The two-day bridge card game tournament in Paris concluded with AI defeating 8 world champions. NukkAI, a French firm formed by Véronique Ventos and Jean-Baptiste Fantun in March 2018, made the announcement.
The NukkAI competition challenges human champions to play 800 consecutive deals divided into 80 sets of ten.
“This is something that humans do after enough experience and I was pleasantly surprised that a robot mimics typical human skills,” said Nevena Senior. Senior is a many-times world bridge champion for England and one of NooK’s challengers.
“What we’ve seen represents a fundamentally important advance in the state of artificial intelligence systems,” said Stephen Muggleton. Stephen is a professor of machine learning at Imperial College London.
“Most of what the general public have heard in recent years about machine learning is based on black-box systems such as AlphaGo, which is unable to explain to human beings how decisions are being made,” he added.
It is a hybrid of rule-based and deep learning algorithms
NooK follows a “white box” or “neuro symbolic” method. Instead of playing billions of rounds of a game, it learns the rules of the game and then improves its performance via practice. It is a hybrid of rule-based and deep learning algorithms.
“The NooK technique learns in a much more human-like manner,” Muggleton said.

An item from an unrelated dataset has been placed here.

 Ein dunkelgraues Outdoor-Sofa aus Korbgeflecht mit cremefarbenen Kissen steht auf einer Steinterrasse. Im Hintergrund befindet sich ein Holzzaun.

Moreover, NukkAI intends to make AI models more transparent, make compliance easier, improve model performance, and eliminate ethical bias. NuX is an interactive AI tool customizable for each domain. It proposes effective solutions while delivering natural language explanations tailored to the user’s profile. It has customization for a variety of industries, including aeronautics, education, cybersecurity, and defense. However, this generic solution has potential in practically all company verticals since NuX enhances performance while reacting to issues of responsibility and transparency.